On 2011-09-28, at 23:14 , Richard Carlsson wrote:
> 
> - The "good old length and comparison functions" are not broken, they just answer much simpler questions than what you're asking. length(S) tells you how many code points are in string S, no more, no less. Not glyphs, not graphemes, not abstract characters. Code points. Similar for comparisons. And for some applications, this is all you need. It's only when you want to apply "human" ideas of order and visual appearance that you need to use special library functions
I'm not sure I agree about that: let's imagine you send a name to a third-party tool, and that tool happens to have very precise ideas about normalization (e.g. it's an OSX API and it *will* manipulate only NFD strings). You send an NFC UTF-8 bytestring, you get an NDF UTF-8 bytestring, you decode to Unicode codepoints. The two unicode sequences are canonically equivalent, but not equal. This has little to do with "human ideas of order and visual appearance" now does it?

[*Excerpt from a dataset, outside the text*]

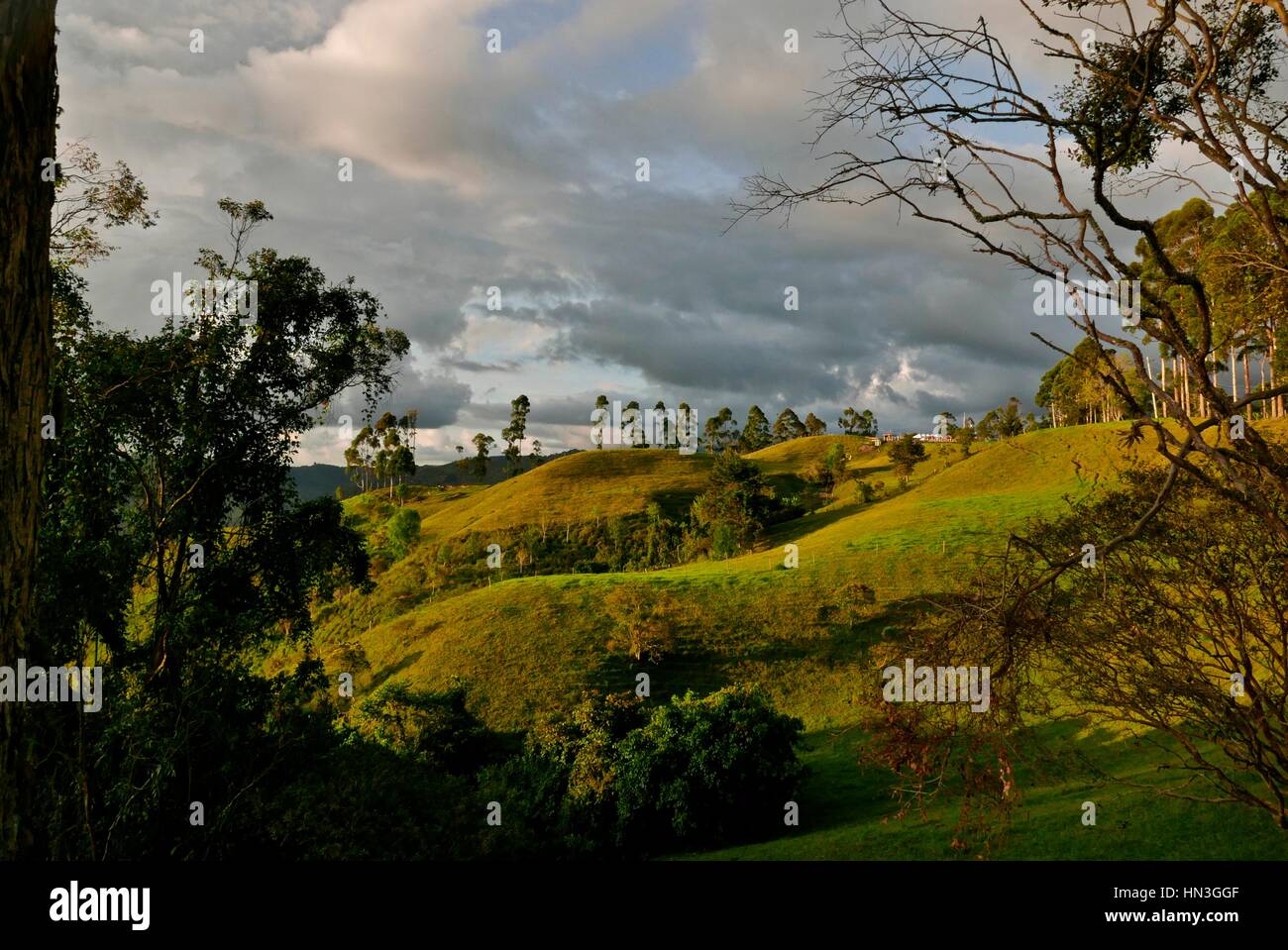 Colombia landscape hi-res stock photography and images - Alamy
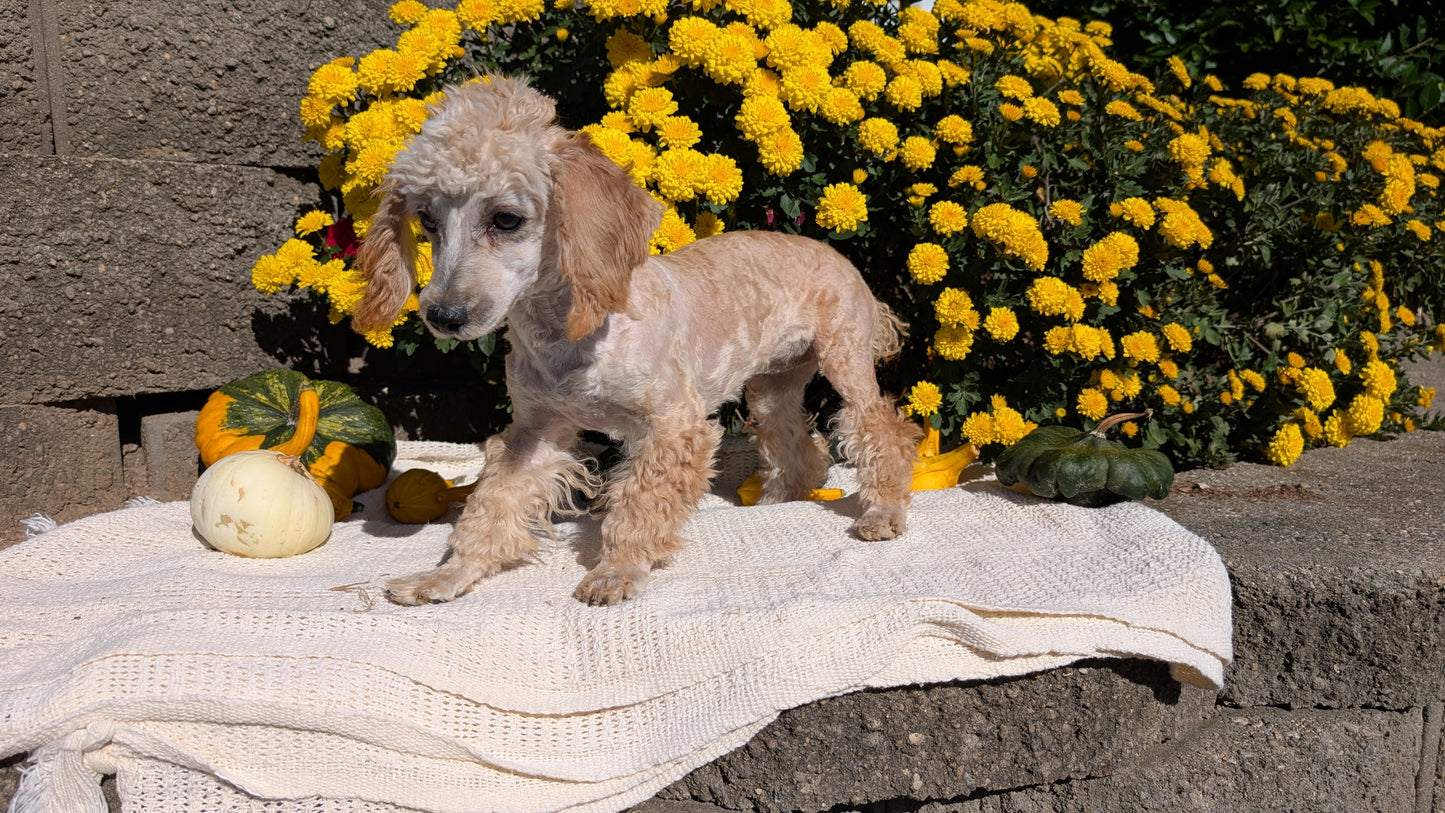 MINI POODLE (05/19) FEMALE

> - and if you do this, you should _know_ that this is what you're doing; not hope that a primitive function like length(S) will guess what kind of information you want it to compute.
I really don't agree. A good API should make doing the common and right thing *easy* (and fool-proof), and the uncommon (and usually wrong) thing harder. Most string APIs do the exact opposite re. unicode, that's bonkers. How often do you need the codepoints-length of a unicode sequence? The length of a UTF-encoded binary stream yes, the number of grapheme clusters (for elision or length cutoff of some character field), but the unicode sequence? I don't think I've ever had this need. The number of grapheme clusters for elision or length cutoff yes, but definitely not the number of codepoints.

> - There's nothing strange about having to use ~ts instead of ~s in format strings: similar changes have to be made in C code to handle wide characters and multibyte encodings. Backwards compatibility with the existing codebase is simply a necessary thing. Yes, you have to update your source code if you want to make it work on Unicode.
On the other hand, Erlang is not C, it's not like I have to do pointer arithmetics or consider collection ownership to know when to manually release my arrays.